§ WHAT IS BEING ASKED
Scan the data below for the string "Women". Show every line where it turns up.

§ INPUT

______________________________

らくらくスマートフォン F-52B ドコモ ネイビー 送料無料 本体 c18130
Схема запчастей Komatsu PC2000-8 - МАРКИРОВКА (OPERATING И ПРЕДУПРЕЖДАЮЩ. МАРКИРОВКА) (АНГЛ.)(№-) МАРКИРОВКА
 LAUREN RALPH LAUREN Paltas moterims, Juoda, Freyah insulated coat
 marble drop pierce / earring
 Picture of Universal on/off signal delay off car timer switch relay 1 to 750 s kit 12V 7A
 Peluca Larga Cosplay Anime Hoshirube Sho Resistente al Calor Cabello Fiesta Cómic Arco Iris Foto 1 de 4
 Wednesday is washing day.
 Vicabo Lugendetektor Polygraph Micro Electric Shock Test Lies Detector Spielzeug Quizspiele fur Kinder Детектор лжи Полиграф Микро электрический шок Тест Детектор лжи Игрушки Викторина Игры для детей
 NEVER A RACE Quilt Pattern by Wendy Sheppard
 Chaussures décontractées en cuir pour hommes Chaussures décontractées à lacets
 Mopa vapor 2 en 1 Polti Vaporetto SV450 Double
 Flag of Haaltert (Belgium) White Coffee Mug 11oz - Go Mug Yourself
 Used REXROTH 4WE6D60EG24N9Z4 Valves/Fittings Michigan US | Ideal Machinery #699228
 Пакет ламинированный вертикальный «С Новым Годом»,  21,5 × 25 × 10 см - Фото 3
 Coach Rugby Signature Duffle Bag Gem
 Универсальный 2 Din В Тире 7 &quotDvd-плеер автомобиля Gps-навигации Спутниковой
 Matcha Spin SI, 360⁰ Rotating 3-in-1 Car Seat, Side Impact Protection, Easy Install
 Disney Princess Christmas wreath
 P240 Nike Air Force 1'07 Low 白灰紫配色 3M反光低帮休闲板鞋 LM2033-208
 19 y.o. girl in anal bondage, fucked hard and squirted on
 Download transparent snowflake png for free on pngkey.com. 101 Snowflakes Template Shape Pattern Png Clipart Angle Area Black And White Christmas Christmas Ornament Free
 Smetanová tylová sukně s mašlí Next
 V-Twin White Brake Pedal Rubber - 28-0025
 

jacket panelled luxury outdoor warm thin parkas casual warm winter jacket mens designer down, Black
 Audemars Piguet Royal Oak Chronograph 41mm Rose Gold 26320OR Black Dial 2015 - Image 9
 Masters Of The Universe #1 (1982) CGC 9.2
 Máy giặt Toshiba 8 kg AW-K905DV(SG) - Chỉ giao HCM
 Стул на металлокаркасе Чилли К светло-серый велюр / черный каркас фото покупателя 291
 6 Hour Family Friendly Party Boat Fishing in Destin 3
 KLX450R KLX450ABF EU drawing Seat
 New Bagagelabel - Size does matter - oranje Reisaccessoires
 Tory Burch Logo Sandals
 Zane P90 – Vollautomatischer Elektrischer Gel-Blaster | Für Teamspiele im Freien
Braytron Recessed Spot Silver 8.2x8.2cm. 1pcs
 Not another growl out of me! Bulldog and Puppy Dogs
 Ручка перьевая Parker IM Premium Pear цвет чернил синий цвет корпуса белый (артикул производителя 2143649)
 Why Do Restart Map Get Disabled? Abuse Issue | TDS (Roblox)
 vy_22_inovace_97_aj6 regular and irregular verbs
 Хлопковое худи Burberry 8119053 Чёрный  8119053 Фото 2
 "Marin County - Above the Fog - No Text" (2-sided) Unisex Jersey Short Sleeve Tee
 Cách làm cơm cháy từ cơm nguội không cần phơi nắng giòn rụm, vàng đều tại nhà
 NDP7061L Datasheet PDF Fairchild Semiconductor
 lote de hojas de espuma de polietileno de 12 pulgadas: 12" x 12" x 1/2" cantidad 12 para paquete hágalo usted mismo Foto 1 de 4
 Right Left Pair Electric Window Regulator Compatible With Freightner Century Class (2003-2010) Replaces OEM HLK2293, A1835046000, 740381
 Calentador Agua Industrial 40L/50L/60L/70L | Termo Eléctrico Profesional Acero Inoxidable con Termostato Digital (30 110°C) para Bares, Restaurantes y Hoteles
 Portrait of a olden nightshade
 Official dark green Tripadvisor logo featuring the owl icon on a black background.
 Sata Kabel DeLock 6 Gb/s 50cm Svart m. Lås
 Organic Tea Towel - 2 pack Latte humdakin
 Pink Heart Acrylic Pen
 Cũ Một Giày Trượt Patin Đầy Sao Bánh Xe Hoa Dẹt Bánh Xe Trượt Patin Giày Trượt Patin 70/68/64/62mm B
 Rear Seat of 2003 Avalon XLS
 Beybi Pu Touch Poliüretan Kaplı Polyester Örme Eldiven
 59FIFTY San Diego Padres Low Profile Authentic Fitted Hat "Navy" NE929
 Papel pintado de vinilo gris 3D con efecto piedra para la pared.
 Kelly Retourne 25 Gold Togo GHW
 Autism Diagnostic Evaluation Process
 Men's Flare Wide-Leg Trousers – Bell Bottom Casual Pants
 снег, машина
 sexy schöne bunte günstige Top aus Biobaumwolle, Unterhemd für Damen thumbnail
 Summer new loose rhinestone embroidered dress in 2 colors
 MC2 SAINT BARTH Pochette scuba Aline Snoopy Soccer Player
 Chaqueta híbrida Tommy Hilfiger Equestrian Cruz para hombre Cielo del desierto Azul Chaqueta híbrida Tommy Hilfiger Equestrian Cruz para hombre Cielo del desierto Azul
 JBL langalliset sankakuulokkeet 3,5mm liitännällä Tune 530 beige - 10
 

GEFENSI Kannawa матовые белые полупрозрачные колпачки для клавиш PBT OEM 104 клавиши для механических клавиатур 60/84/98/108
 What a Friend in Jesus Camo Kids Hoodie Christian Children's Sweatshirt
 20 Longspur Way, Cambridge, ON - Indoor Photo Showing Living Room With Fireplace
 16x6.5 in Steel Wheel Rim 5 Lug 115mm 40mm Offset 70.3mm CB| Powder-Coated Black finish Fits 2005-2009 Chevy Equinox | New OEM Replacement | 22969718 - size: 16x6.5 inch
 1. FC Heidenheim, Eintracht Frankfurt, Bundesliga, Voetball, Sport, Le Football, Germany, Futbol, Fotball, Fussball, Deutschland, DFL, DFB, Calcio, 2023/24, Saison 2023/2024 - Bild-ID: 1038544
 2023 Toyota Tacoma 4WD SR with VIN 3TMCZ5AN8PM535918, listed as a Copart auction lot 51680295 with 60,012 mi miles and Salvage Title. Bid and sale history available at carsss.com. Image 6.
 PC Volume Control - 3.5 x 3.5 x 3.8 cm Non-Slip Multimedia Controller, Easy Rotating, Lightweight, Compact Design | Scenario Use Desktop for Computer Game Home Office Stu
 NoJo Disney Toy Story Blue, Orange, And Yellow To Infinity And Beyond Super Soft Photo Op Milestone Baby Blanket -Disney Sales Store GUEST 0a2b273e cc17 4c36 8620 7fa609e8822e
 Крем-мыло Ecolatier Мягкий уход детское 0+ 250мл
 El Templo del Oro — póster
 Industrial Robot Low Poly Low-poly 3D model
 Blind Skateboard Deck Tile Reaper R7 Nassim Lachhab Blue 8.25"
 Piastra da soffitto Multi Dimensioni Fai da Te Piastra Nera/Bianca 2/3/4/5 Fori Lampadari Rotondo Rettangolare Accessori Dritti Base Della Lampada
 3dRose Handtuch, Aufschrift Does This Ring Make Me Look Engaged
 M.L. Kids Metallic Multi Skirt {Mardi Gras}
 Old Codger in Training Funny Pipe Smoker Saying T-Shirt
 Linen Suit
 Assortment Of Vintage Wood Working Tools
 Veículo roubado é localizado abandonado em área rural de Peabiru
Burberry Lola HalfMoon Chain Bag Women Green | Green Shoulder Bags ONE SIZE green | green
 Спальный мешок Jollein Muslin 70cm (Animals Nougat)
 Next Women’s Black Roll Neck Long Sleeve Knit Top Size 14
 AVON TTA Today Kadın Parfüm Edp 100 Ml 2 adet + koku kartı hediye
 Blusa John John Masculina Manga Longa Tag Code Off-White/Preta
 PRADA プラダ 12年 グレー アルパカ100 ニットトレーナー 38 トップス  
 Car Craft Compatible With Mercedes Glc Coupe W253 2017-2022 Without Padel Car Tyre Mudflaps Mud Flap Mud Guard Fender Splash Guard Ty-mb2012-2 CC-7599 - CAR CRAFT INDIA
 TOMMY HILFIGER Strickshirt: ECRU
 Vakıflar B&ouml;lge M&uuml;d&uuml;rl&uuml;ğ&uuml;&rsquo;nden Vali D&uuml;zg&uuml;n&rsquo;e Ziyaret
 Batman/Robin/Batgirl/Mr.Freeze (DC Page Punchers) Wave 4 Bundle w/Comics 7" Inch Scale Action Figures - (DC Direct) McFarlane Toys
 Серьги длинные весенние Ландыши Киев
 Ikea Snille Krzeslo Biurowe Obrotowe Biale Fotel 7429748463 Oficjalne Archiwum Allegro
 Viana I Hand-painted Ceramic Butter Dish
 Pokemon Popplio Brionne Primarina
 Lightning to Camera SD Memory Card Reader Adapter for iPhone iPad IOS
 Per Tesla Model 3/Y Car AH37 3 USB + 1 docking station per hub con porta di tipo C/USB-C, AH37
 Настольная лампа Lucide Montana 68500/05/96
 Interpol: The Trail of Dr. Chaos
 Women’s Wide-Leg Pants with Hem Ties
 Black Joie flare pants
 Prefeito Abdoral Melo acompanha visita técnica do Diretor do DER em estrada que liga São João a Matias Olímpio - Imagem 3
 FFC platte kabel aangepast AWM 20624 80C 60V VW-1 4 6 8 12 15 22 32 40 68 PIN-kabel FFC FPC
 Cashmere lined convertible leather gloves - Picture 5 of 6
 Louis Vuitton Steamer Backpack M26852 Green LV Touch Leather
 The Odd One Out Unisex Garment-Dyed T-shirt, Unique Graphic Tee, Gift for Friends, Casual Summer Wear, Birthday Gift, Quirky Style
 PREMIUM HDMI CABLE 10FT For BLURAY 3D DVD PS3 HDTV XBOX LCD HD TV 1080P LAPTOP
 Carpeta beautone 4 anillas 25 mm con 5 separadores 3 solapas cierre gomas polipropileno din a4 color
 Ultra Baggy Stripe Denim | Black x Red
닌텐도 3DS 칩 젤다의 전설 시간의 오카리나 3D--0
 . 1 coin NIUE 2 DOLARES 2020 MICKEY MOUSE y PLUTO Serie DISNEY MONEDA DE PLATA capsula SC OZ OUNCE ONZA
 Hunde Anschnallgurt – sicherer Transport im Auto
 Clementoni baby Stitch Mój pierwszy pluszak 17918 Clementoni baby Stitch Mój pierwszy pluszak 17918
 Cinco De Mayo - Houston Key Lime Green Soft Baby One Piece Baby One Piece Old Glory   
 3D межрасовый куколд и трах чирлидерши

______________________________

§ COMPLETED TASK
Burberry Lola HalfMoon Chain Bag Women Green | Green Shoulder Bags ONE SIZE green | green
 Next Women’s Black Roll Neck Long Sleeve Knit Top Size 14
 Women’s Wide-Leg Pants with Hem Ties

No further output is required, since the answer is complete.